Selma found listening to these accounts freeing. For people who have the luxury of having more than one language, it offered a freedom and a semi-disguise. She shares that for this reason, she likes to inhabit male protagonists, it gave her a chance to embody a character without being accused of it being autobiographical. She expects fluency from herself in Arabic, but it doesn’t come out that way. She describes herself as feeling more impoverished in that way, and developing a fluent tongue in Arabic is something she still aspires to.

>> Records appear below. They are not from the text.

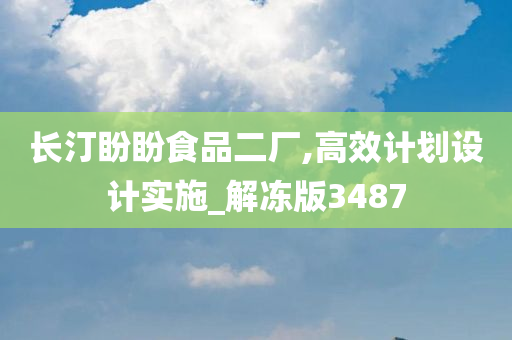 长汀盼盼食品二厂,高效计划设计实施_解冻版3487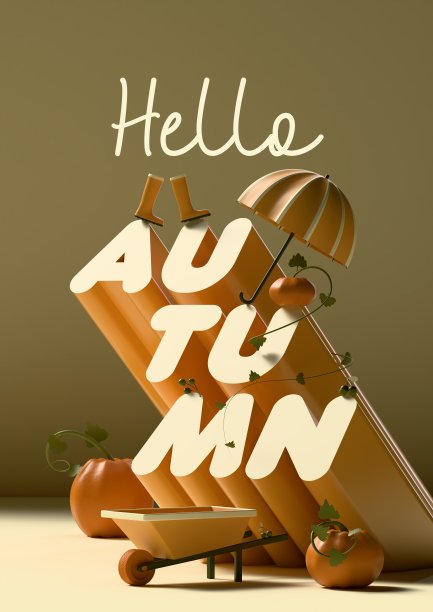 明亮的秋天海报，上面写着“你好，秋天”，花园车，雨伞，雨靴和南瓜。3D渲染，垂直插图。图片下载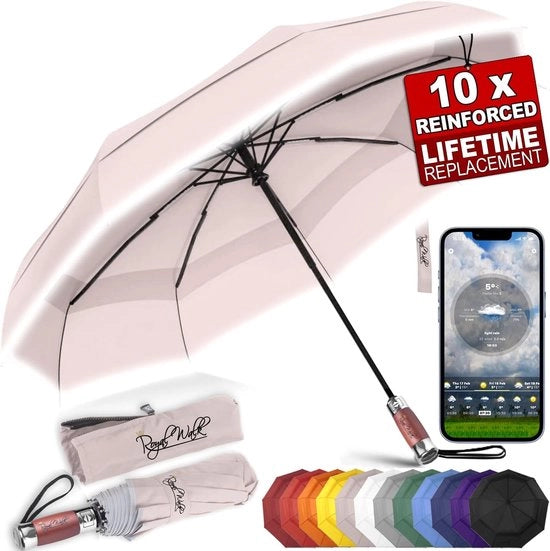 Paraplu Opvougbile e Impermeabile - Compatta e Resistente - Beige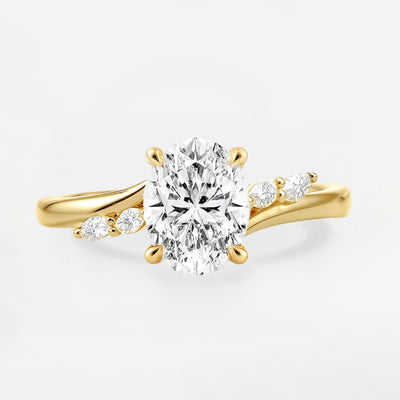 The Melanie Ring - Oval Diamond with Marquise Accents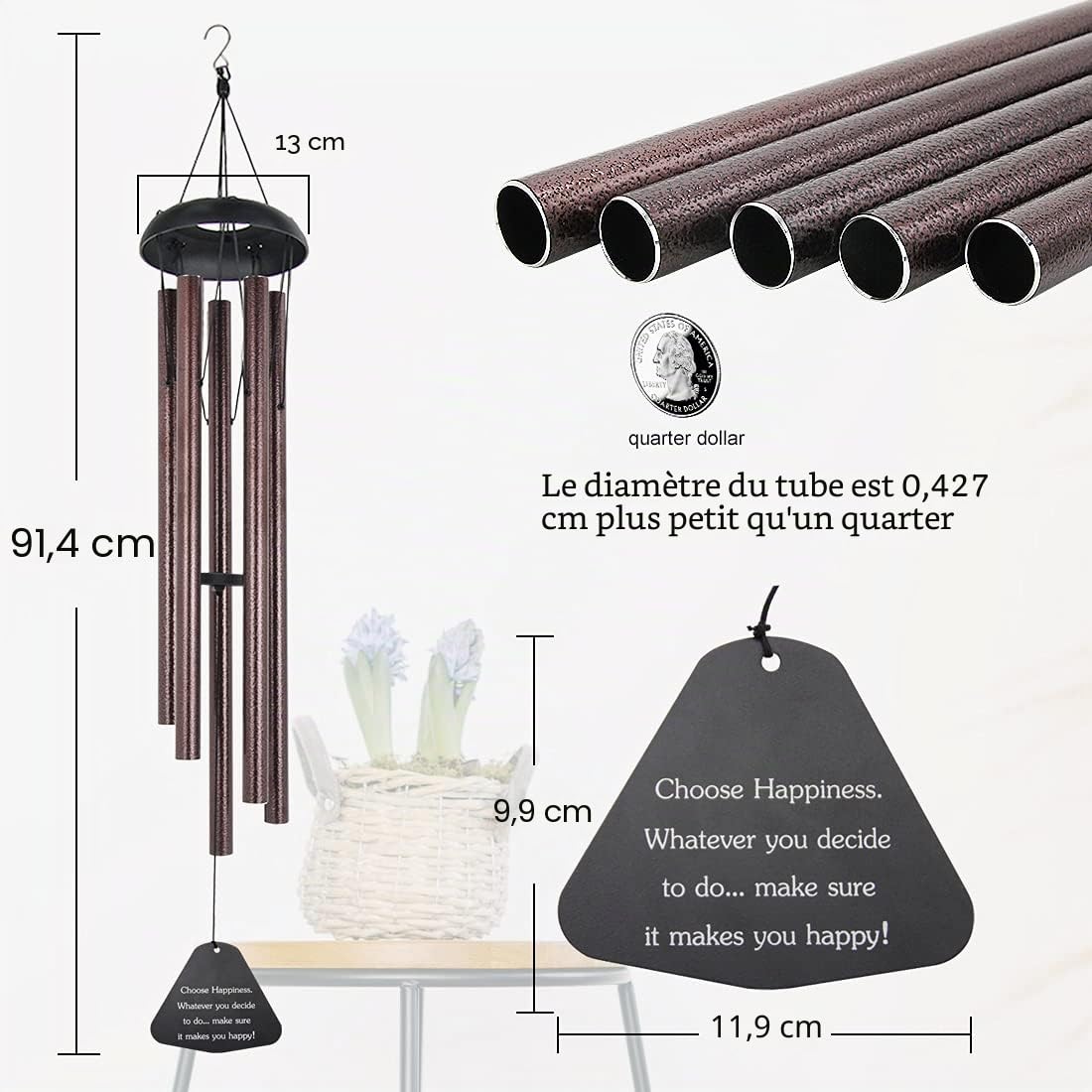 Astarin Carillon éolien de condoléances d'extérieur - Grand Ton Profond - 91,4 cm - Fait à la Main - Mélodie relaxante - Carillon commémoratif Unique pour extérieur - Décoration de Jardin - Bronze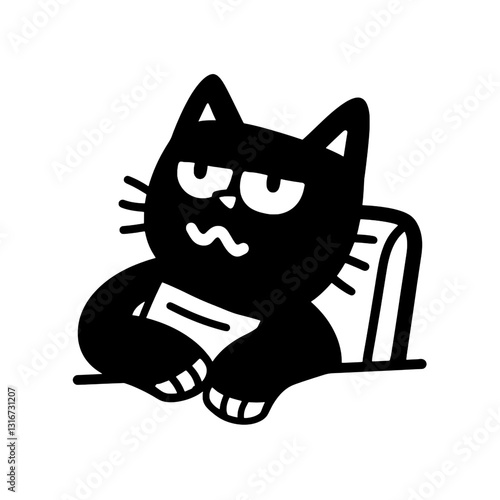 Curious black cat with a skeptical expression gazing while resting on a desk surrounded by books in a cozy reading nook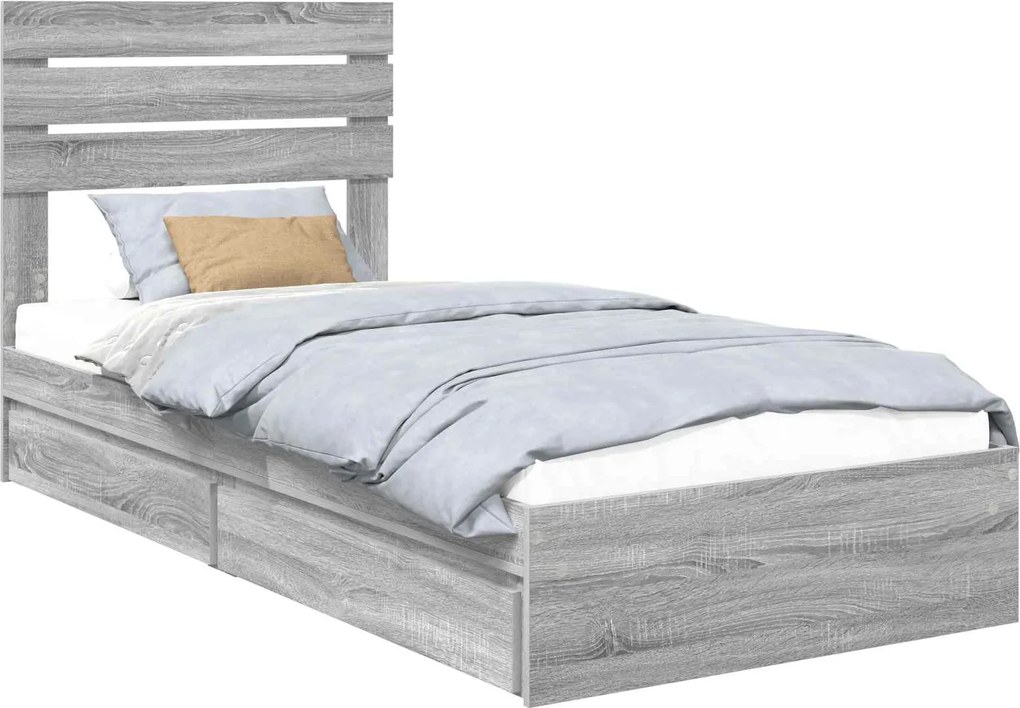 vidaXL Tárolós Ágy fejtámlával Szürke Sonoma 90 x 200 cm Faanyag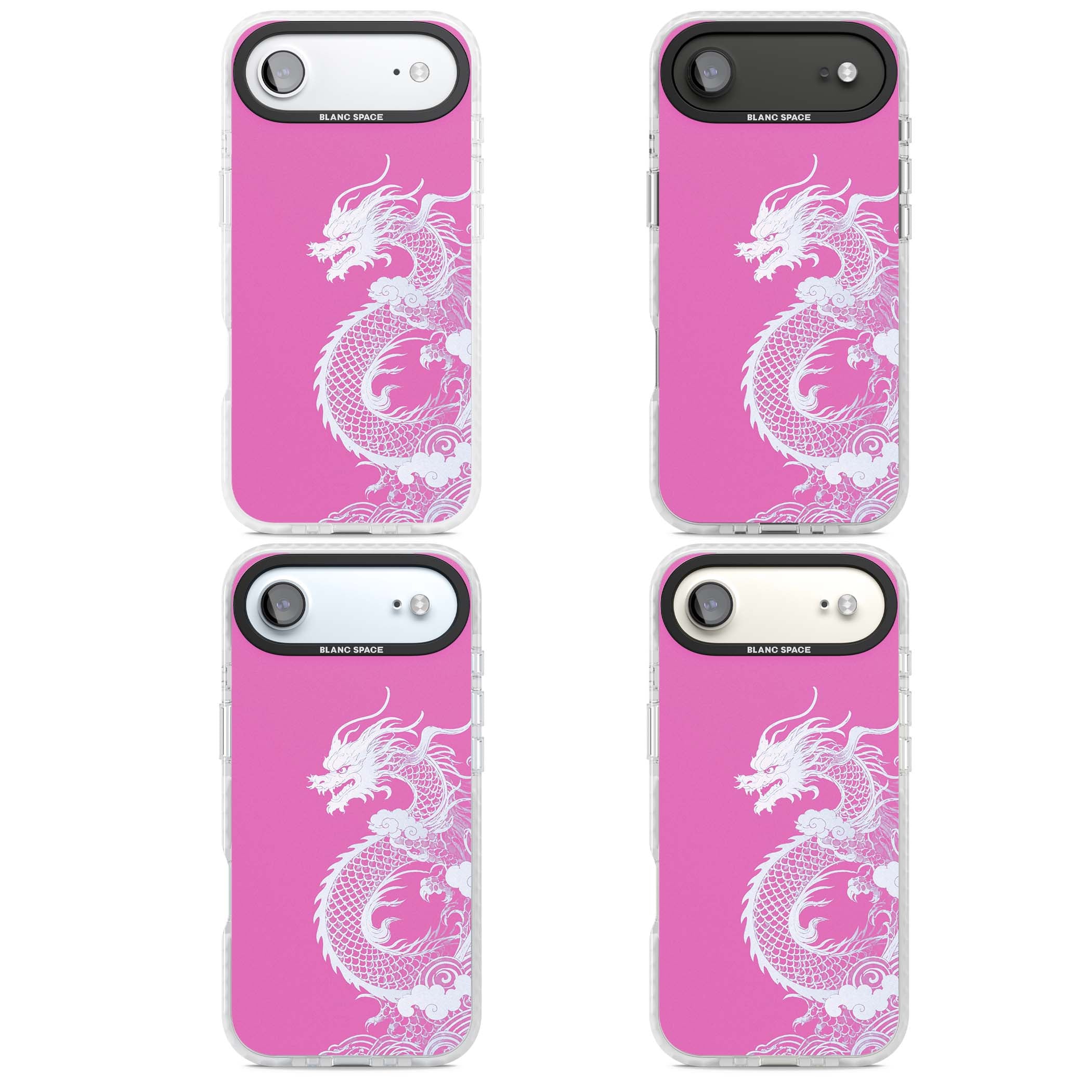 Pink Empress chinese dragon iPhone case featuring a white dragon, swirling clouds and pink dragon wallpaper backdrop | Impact Magsafe case for iPhone Air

Heba shares that she writes in English also because a lot of work she references in cross-solidarity work, resisting ‘Palestinian Exceptionalism’ and shares that there are other liberation movements she references. This language, English, she smiles, she uses it because she has full mastery of it. She doesn’t feel writers like Sayed Kashua should feel shame about writing in Hebrew. She finds it frustrating how writers like Mourid Barghouti or Ghassan Kanafani are interpreted in the West versus ‘back home’; she feels these differences are important in not mainstreaming one singular Palestinian representation. Shada and Heba discuss what moving away from ‘Palestinian Exceptionalism’ could look like, in drawing more strength from cross-solidarity work.  Shada talks about Zizek’s much referenced theory, that the Palestinian can be “the universal subject” It reads the Palestinian struggle in terms of universality, that their struggle can represent the reference to the morals of oppression around the world. She feels it is necessary to consider, speaking directly to other Palestinians that “we are not the only victims. This is how we will be able to see we are not the other victims, we can connect to others around the world, in how the identity is re-imagined or re-configured, and this will be the change”.

Heba shares that she questions the term ‘Palestinian writing’ altogether. “Does it have to mention certain things to be considered a fit to the genre?” For her, writing as a Palestinian person, she has written lots of texts that are not rooted in the experiences of the occupation. For her, the queer issue, the class issue; that can be Palestinian writing. It cannot always be rooted in the disparity of her people.

Shada affirms the need for writing from new perspectives as Palestinians, through language. “The world of words that is important creates different worlds; we have to share some connection despite our differences. The ideological differences mask that sameness. We can uncover that through writing”.

With much to reflect on after the discussion, one of the last talking points in the discussion about oral history stayed with me. Heba says she thinks about oral history in her writing; the differences between what people say versus what people put on paper. Oral history is a field which affirms that accounts of history, like individual memory, are highly subjective and that testimonies with others are used to build shared meanings and symbols. She considers in her work, the people who have died, ancestors who gave us texts and those ancestors who gave us other creative works passed down through poetry and through singing. Her grandma was 1 years old in the Nakba, and she has heard her stories from her parents and relatives. The role of the Palestinian writer for her is to find ways to continue sharing and archiving stories, in a voice that feels free but always connected.